Cameras can show you a garbage dump; they cannot tell you it reeks. A research framework called SCENT tries to fix that gap.
The system, described in a new paper, trains a smell encoder using signals from electronic noses — sensor arrays that measure chemical compounds in the air. The trick is using a vision-language model as a go-between: it generates text descriptors from images, noting objects, environmental context, and likely ambient odors a scene would produce. Those text descriptions then guide the smell encoder, pulling its outputs into a shared embedding space alongside visual and textual data. The team also introduced a decomposition step that separates odors tied to specific objects from broader environmental smells — think coffee versus "damp basement."
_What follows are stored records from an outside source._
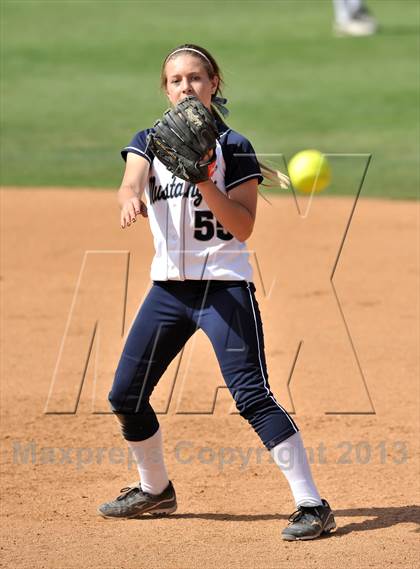 Thumbnail 2 in Trabuco Hills VS Dana Hills (Timberwolf Classic) photogallery.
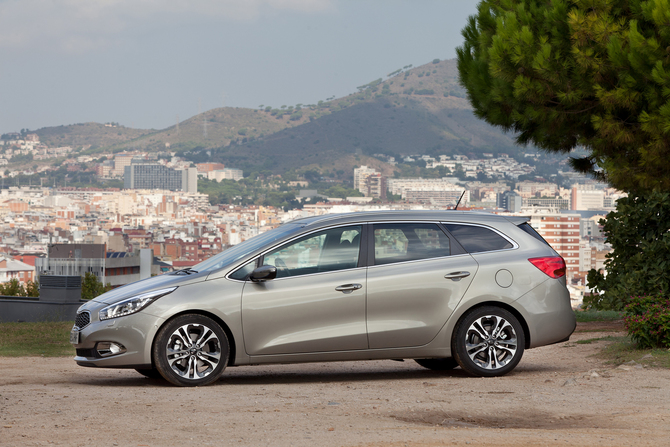Kia will launch all of the variations of the Cee'd in 2013 Kia will launch all of the variations of the Cee'd in 2013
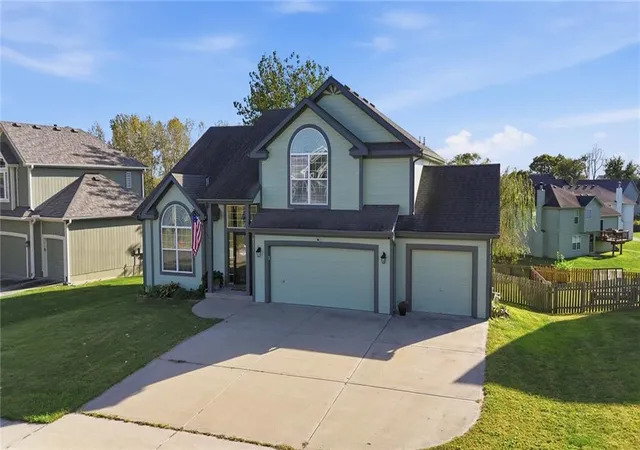 Photo 1 of Sale Pending at 6211 Ne 119th Terrace, Kansas City, MO 64156 | MLS# 2646532 | Listing updated on 2026-10-18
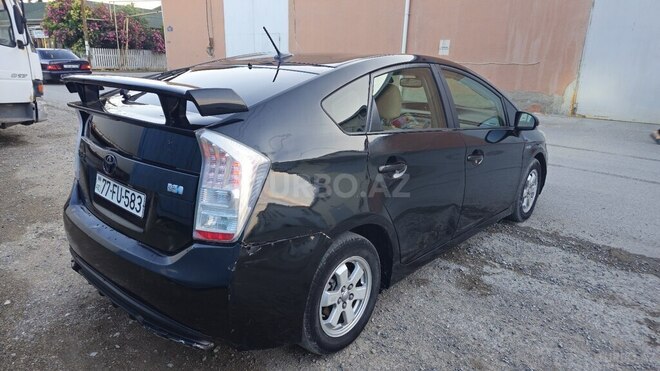 Toyota Prius-4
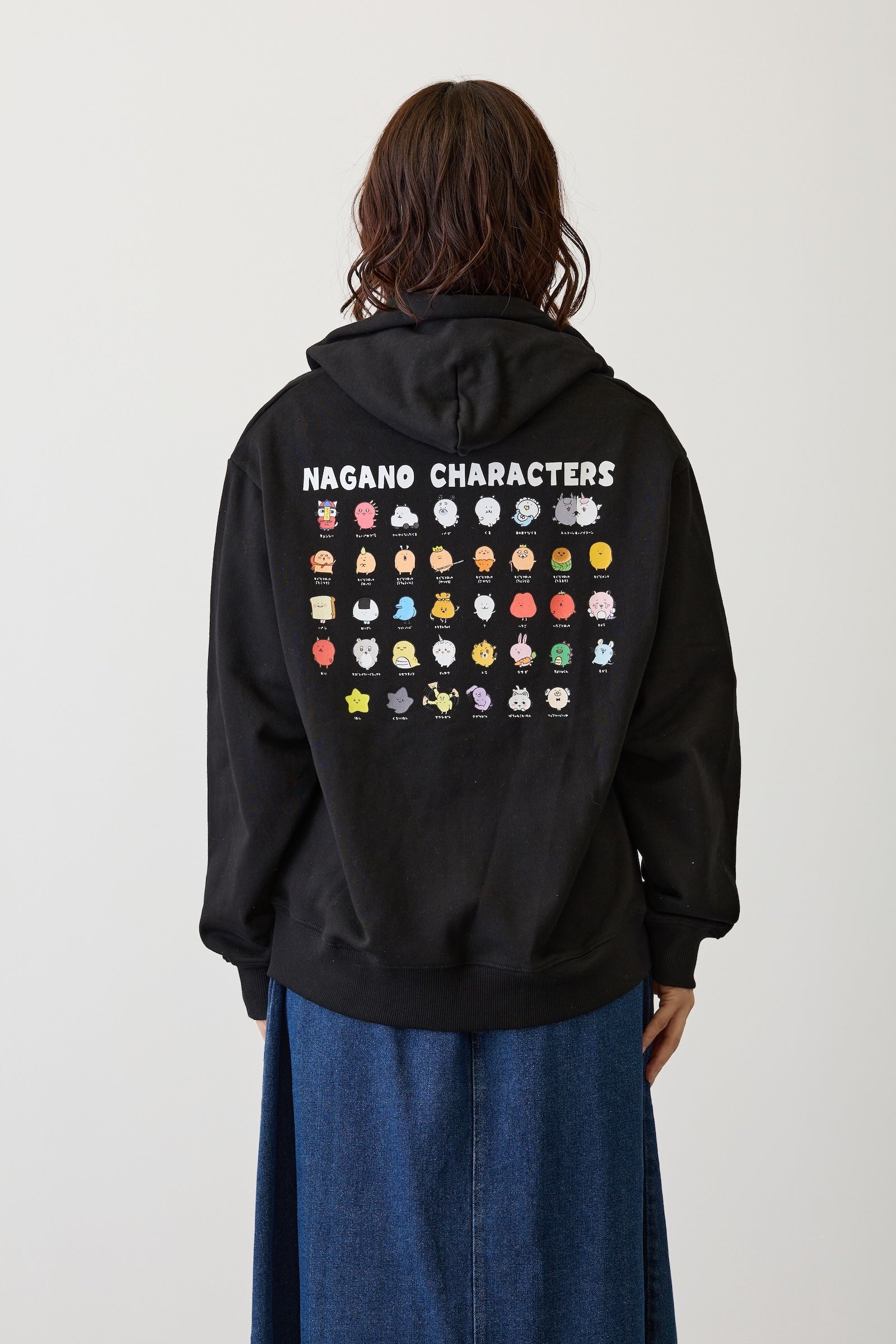 【2BUY10%OFF対象商品】ナガノキャラクターズ ZIPパーカー 集合 ブラック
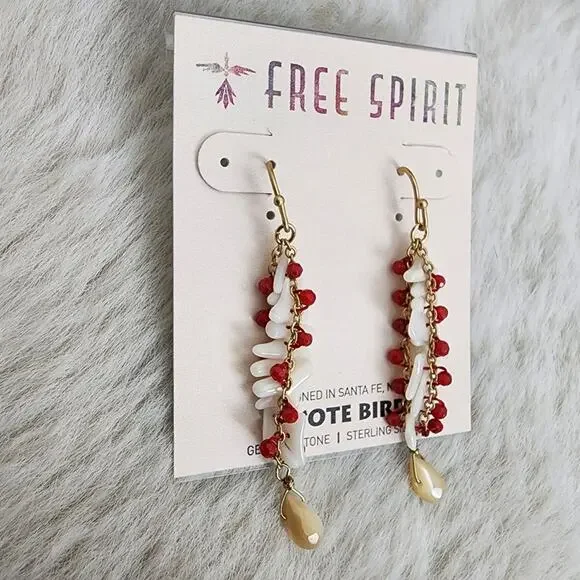 NEW Peyote Bird Free Spirit Gold Chain Red Spiral Earrings with Shell Accents - Picture 2 of 8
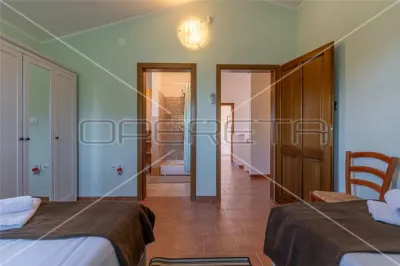 Rustic Villa for Sale in Svetvincenat, Istria, Croatia - foto 13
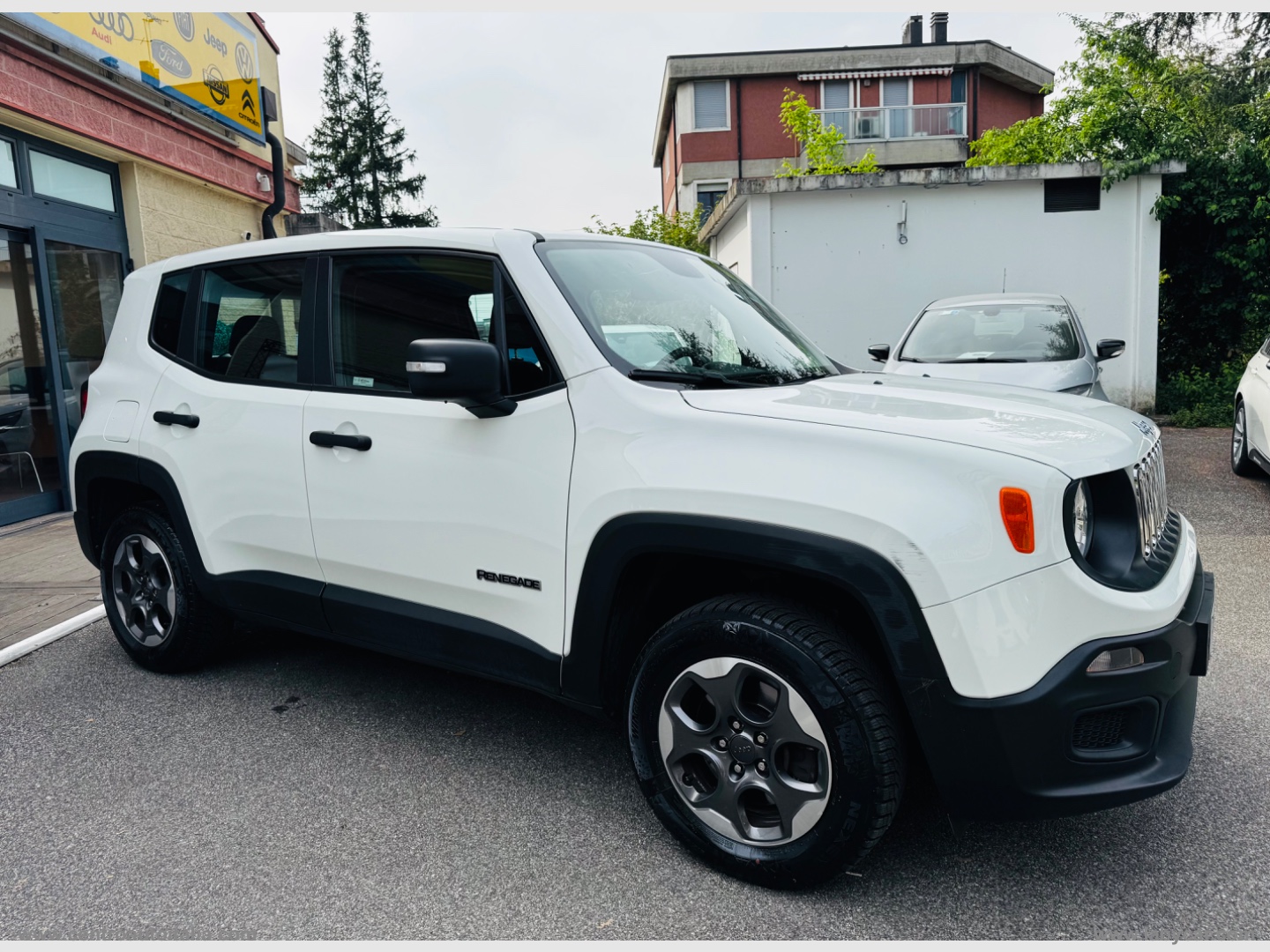 Renegade 2.0 Mjt 4WD Active Drive Sport - immagine 17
Tested on the New York Smells dataset, SCENT beat vision-only baselines on smell-to-image and smell-to-text retrieval, a task where the system matches a sensor reading to the scene that produced it. That matters because most multimodal AI research treats sight, sound, and text as the only senses worth modeling — smell has been a stubborn outlier, since the same visual scene can smell entirely different depending on weather, time of day, or what happened there an hour ago.
Practical applications — food safety, environmental monitoring, accessibility tools for people with visual impairments — are plausible but still a long way off. For now, this is a proof of concept that language, oddly enough, may be the best handle we have on a sense that resists direct digitization.